Copy nothing but the lines from the one containing "Round straw shoulder bag - Shreya" through the last line of the records, repeated exactly and without pictures.

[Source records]
Segment Open
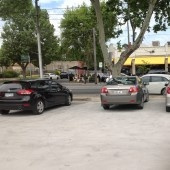 Outdoor lot parking on Swan Street in Richmond Victoria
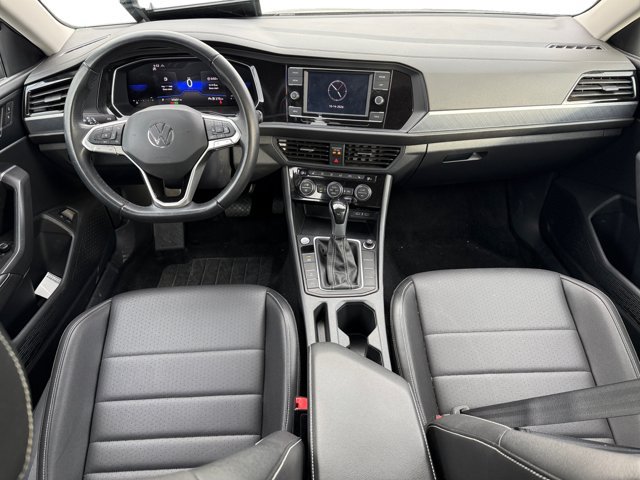 Used 2024 Volkswagen Jetta SE FWD image 13
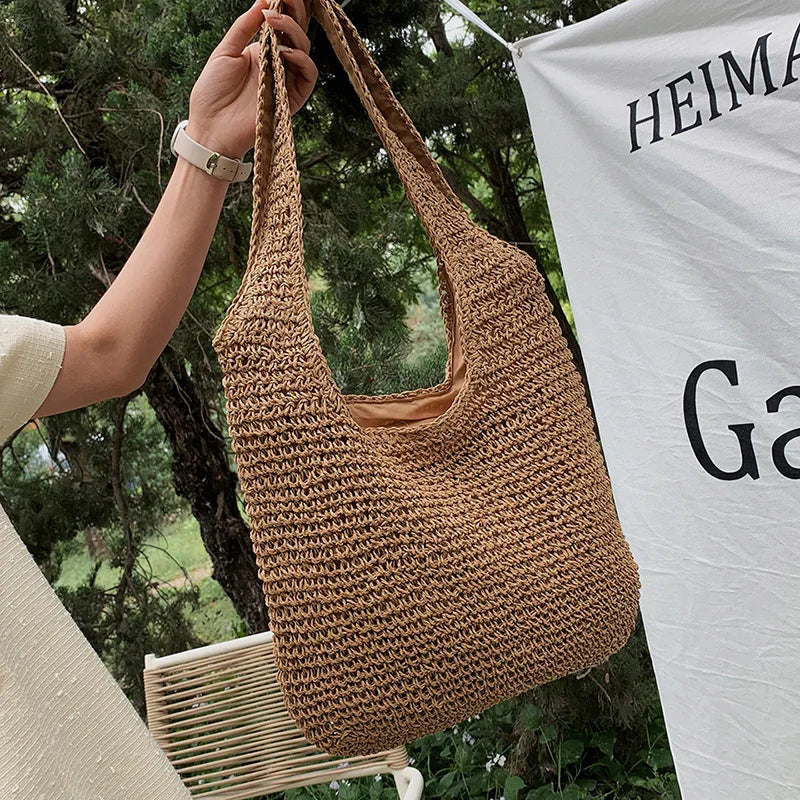 Round straw shoulder bag - Shreya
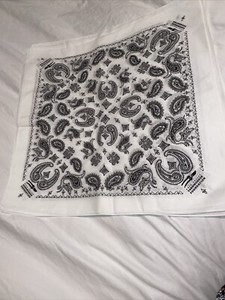 White W/Black Paisley Print Bandannas Napa Valley Farmworker Foundation 17 Inlot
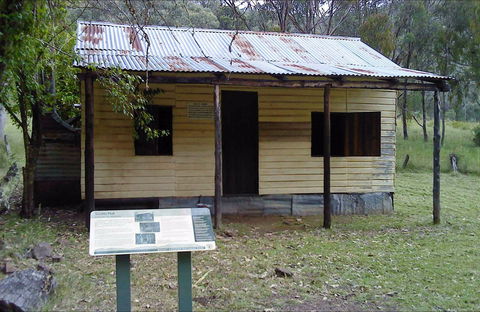 Scutts Hut - Attractions 0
Segment Closed
# ANSWER SPACE
 Round straw shoulder bag - Shreya
 White W/Black Paisley Print Bandannas Napa Valley Farmworker Foundation 17 Inlot
 Scutts Hut - Attractions 0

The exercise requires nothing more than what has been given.